Cars we love but loans we hate!
Every car aspirant feels hatred towards car loans. Each one of us loves the automobile but detests the car loan process. And, the reason is simple. Lenders and dealers often confuse car buyers with different loan programs and leave them distressed. But, you don’t have to worry anymore.
Whenever you decide to buy a new car, you must plan for the purchase and understand the different loan program available in the market. This way you will be able to protect yourself from shoddy lenders.
Plan your Purchase
It is very important to plan before choosing a car because it will help you in creating your “Affordability Range.”
Affordability Range = Total Monthly Income – (Total Monthly Expenses + Savings)
If you keep your monthly payments in the affordability range, it won’t create any problem in making regular payments. It will also help you in deciding whether you should go for a used car or a new car.
Make Financial Decisions
After you decide the amount of monthly payments that is comfortable for you, you have to make a few decisions that will help you in choosing the right loan for your dream car.
1. Loan Amount (Do you want 80% LTV or more?)
2. Loan Term (Are you comfortable with a 60-month loan term or not?)
3. Loan Fees (Are you okay with Application Fees, Process Fees etc.?)
4. Down Payment (Are you willing to make down payment and how?)
5. Co-Signer (Do you have someone to co-sign loan contract?)

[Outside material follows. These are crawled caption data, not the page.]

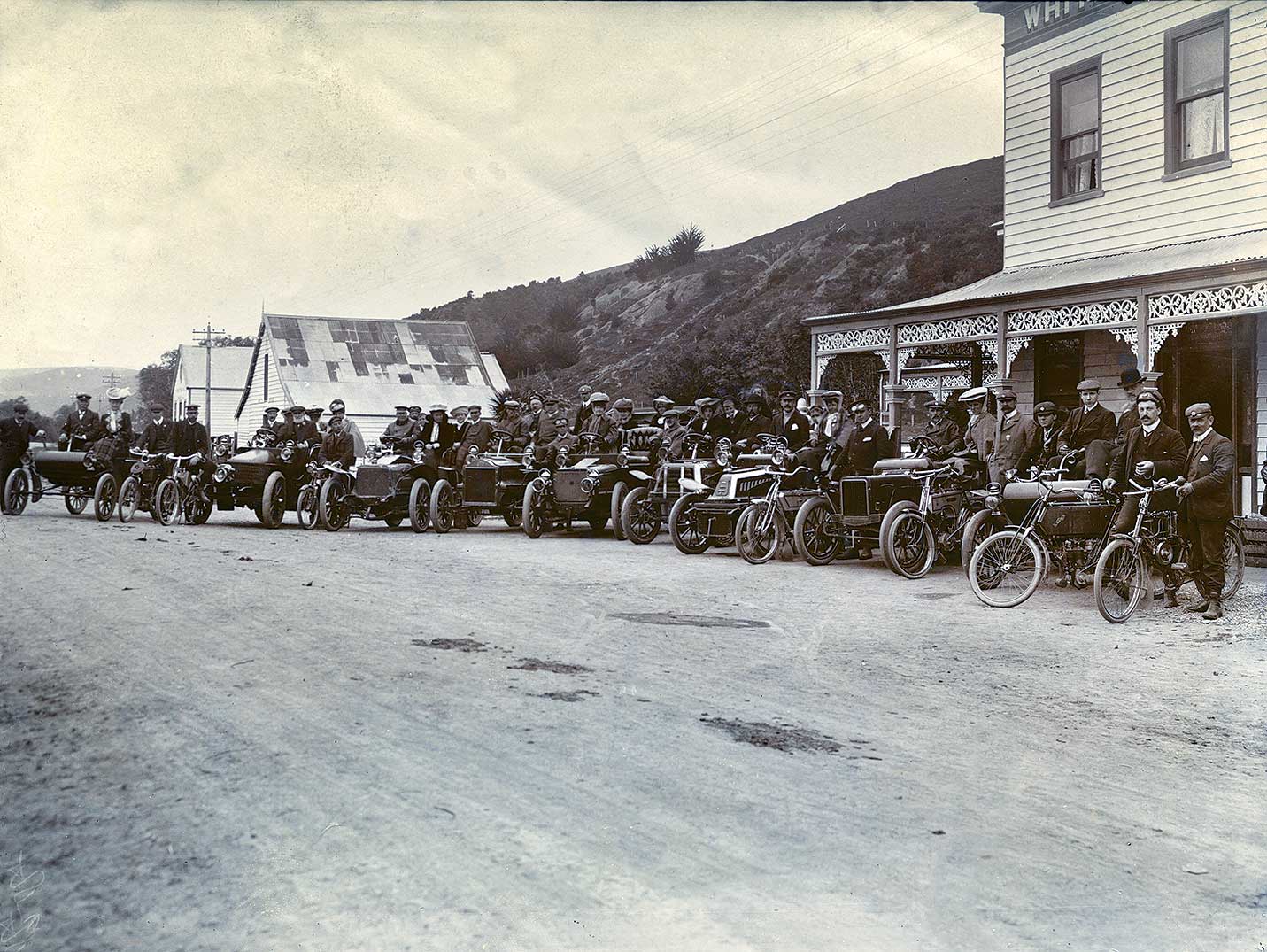 Early motoring enthusiasts at Henley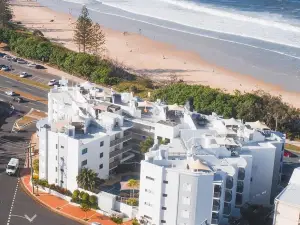 Grand Palais Boolarong Beachside Apartments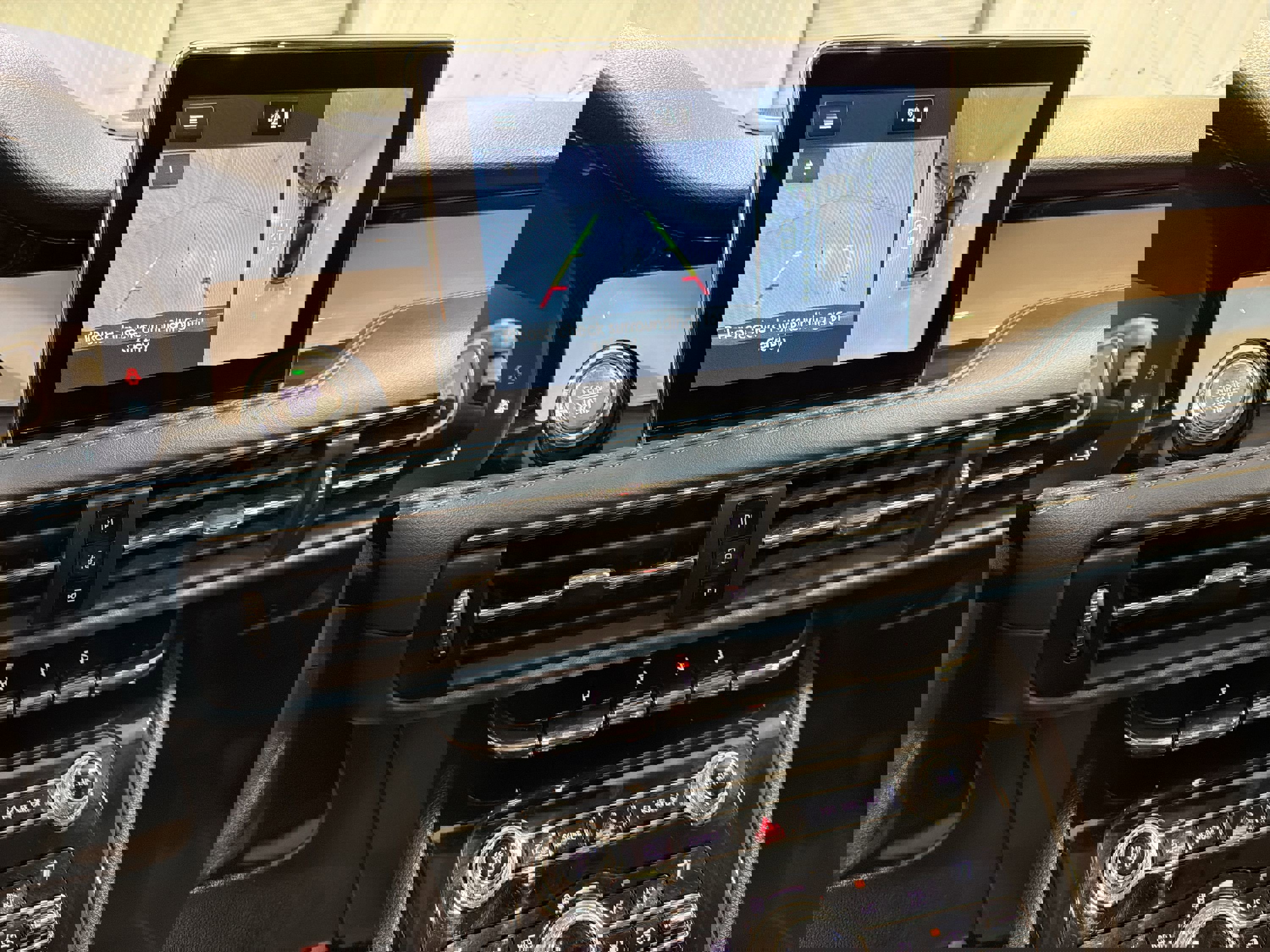 Used 2020 Lincoln Corsair Reserve w/ Equipment Group 201A image 18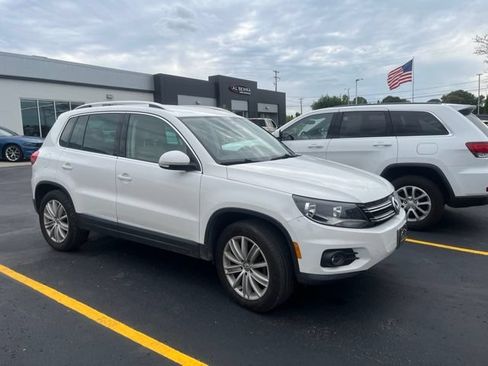 Used 2012 Volkswagen Tiguan SE AWD/4WD image 2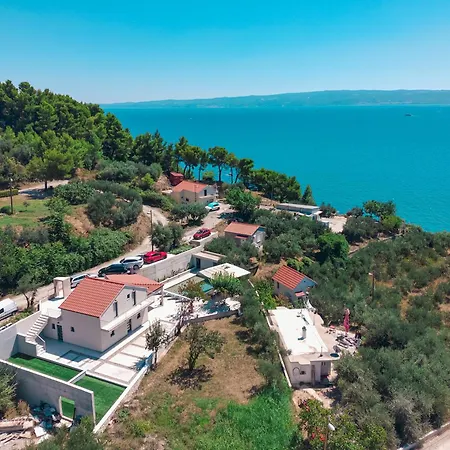 Vila Mediterranean Oasis Seaside With Pool *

Understand Different Car Loan Programs
America is the Land of Choice. Car buyers can choose from several loan programs available. Here are the most common financing programs offered by lenders, dealers and online auto financing companies to car buyers:
1. Good Credit Car Loan
A good credit car loan program is available at low rates for car buyers with:
>> Excellent/Good/Average/Prime Credit Score
>> Gross Monthly Income more than $2000 per Month
>> 10%-20% Down Payment/Trade-in
>> A Co-Signer with Good Credit
>> No Past Bankruptcy
>> No Recent Repossession
2. Poor Credit Car Loan
If you are a car buyer with credit score in the range of 580 to 619, lenders will offer you a poor credit car loan. You will receive slightly higher rates than the usual rates. Don’t worry. If you make regular payments on the loan and improve your credit score, you will be able to get better rates in future.
3. Bad Credit Car Loan
These loans are reserved for car buyers with credit scores less than 580. Most bad credit car loan borrowers receive interest rates that are double to those offered to people with excellent credit score. But, all hope is not lost. You can make the loan rates affordable by:
>> Reducing the LTV
>> Bringing a Co-Signer
>> Choosing a Used Car of Lesser Value
4. Sub-Prime Auto Loan
A lender may approve you for a sub-prime loan if your credit score is anything but good (lower than 620). There are few lenders who don’t differentiate between bad credit buyers and poor credit borrowers. They simply categorize them as borrowers with sub-prime or non-prime credit ratings and so, offer them sub-prime loans.
5. Zero Down Finance
Zero down finance is the name of the program that lenders approve without asking for down payment. This loan program is available at slightly higher costs because the lenders assume higher risks by providing a loan with higher LTV.
6. No Co-Signer Car Loan
The loan program is usually provided to car buyers with good monthly income and higher down payment. You must remember that both the things reduce lender’s risk and so; he/she will not have any problem in approving your loan application without a co-signer.
So, these are the common loan program offered by the lending agencies. Whenever you go out to obtain a loan for your car, ask the lenders about all the different type of programs available with them. Choose the one lender that offers you multiple loan programs because it will give you the power of a favorable choice.